WEST TO EAST: GEOGRAPHY OF SOUND

BRAZZAVILLE – BOSPHOROUS

Brazzaville/Qalam

Qalam strives to explore the interpenetration of different cultures. To this end, we have decided to launch a series of playlists in which music mediates between different geographical and ideological spaces. Our first playlist is called ‘West to East: One Hundred Best Songs’. It will be updated several times a week, and its curation will focus on how Western pop culture has reflected the realities of the East, whether they are musical, geographical, religious, or political. (The terms ‘West’ and ‘East’ should be taken as broadly and arbitrarily as possible.)

David Brown, the old Californian nomad dandy who settled in Barcelona a long time ago, came up with the Brazzaville project in the late nineties.
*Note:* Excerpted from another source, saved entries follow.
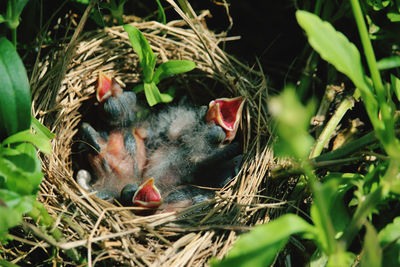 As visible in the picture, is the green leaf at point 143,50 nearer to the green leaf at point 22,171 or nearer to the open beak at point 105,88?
the open beak at point 105,88

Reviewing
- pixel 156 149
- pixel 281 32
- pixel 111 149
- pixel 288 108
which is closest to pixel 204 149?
Answer: pixel 156 149

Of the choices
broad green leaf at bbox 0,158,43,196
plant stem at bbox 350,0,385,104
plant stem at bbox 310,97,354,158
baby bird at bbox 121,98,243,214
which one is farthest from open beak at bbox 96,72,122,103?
plant stem at bbox 350,0,385,104

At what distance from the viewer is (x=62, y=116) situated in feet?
4.42

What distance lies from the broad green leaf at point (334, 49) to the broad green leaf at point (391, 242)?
310mm

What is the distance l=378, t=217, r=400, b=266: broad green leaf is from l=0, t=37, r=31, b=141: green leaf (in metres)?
0.99

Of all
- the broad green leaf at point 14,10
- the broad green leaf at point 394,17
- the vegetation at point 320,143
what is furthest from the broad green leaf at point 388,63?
the broad green leaf at point 14,10

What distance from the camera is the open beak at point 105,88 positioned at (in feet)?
4.55

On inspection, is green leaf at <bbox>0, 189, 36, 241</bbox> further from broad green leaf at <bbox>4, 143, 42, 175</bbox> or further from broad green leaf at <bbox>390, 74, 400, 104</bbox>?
broad green leaf at <bbox>390, 74, 400, 104</bbox>

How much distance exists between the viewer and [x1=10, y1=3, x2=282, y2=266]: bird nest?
1082 millimetres

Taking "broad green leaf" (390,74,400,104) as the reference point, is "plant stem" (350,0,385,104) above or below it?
above

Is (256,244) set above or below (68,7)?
below

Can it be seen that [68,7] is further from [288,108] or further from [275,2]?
[288,108]

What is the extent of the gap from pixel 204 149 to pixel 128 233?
48 cm

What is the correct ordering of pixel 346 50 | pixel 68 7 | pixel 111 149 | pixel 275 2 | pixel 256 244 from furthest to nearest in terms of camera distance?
pixel 275 2 → pixel 68 7 → pixel 111 149 → pixel 346 50 → pixel 256 244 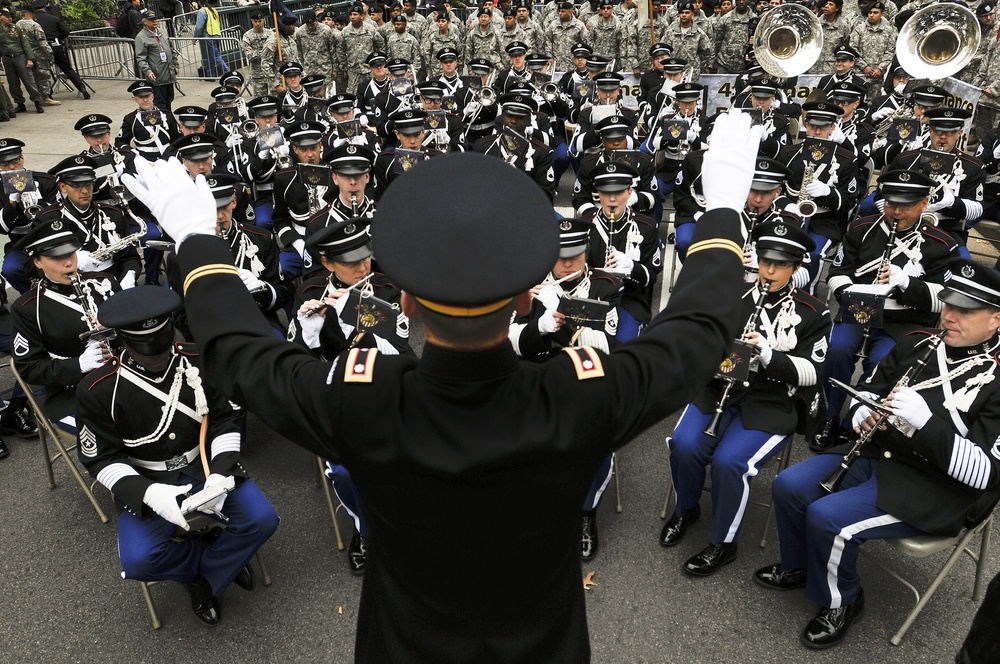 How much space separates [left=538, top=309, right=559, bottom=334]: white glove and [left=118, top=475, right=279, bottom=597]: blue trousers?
1823 millimetres

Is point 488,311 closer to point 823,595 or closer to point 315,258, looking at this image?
point 823,595

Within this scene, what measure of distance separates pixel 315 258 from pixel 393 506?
453 centimetres

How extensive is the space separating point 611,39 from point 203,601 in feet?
44.8

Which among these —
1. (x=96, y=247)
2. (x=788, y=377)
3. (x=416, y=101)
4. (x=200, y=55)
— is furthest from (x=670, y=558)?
(x=200, y=55)

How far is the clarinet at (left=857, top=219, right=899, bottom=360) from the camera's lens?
538 cm

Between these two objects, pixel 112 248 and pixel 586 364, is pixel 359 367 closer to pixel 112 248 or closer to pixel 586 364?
pixel 586 364

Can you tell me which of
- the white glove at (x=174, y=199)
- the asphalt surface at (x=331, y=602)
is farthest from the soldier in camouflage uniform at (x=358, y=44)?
the white glove at (x=174, y=199)

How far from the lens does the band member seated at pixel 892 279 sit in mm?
5207

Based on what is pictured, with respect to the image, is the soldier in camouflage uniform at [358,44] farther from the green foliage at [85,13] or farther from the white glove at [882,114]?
the white glove at [882,114]

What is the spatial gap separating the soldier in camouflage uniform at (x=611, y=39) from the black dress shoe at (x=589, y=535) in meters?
12.3

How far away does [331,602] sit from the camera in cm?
404

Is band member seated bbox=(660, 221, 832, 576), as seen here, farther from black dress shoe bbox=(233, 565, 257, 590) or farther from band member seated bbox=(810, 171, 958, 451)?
black dress shoe bbox=(233, 565, 257, 590)

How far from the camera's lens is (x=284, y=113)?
1095 centimetres

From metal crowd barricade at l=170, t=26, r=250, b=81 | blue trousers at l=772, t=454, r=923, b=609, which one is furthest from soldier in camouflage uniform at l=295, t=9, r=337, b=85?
blue trousers at l=772, t=454, r=923, b=609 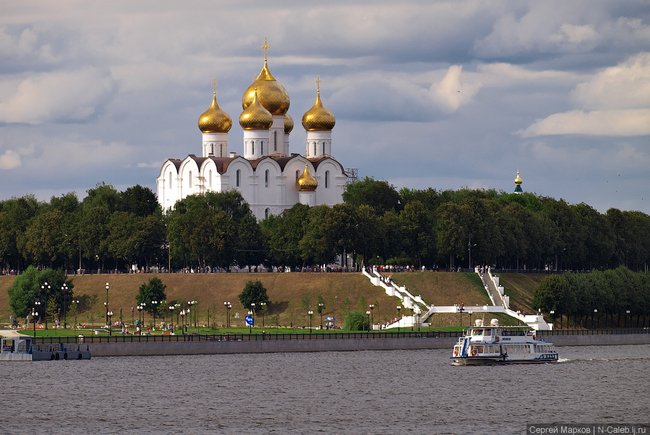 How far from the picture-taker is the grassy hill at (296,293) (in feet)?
329

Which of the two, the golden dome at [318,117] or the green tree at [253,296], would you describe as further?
the golden dome at [318,117]

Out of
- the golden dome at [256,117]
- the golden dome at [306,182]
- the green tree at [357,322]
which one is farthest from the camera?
the golden dome at [306,182]

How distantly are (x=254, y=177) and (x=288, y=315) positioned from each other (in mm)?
28652

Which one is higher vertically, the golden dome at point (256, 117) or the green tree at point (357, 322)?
the golden dome at point (256, 117)

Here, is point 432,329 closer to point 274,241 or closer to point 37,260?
point 274,241

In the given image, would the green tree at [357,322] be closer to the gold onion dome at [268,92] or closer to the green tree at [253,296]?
the green tree at [253,296]

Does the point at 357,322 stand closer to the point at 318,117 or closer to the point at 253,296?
the point at 253,296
It is commonly believed that there are bands that reflect their time; Brazzaville, however, reflects space. It is actually not quite clear when these elegies were written or what musical age or style they belong to, but they always have clear outlines of a landscape—be it the shores of the South China Sea, Osaka, Vladivostok, Broadway, or Almaty, where Brown was also a frequent visitor. Brazzaville is the music of wandering and coziness at the same time. Brown’s songs resemble a collection of postage stamps mixed with boarding passes hidden between the pages of a long-forgotten book, and his old ode to the Bosphorus wedged in among the decades one would want to keep forever.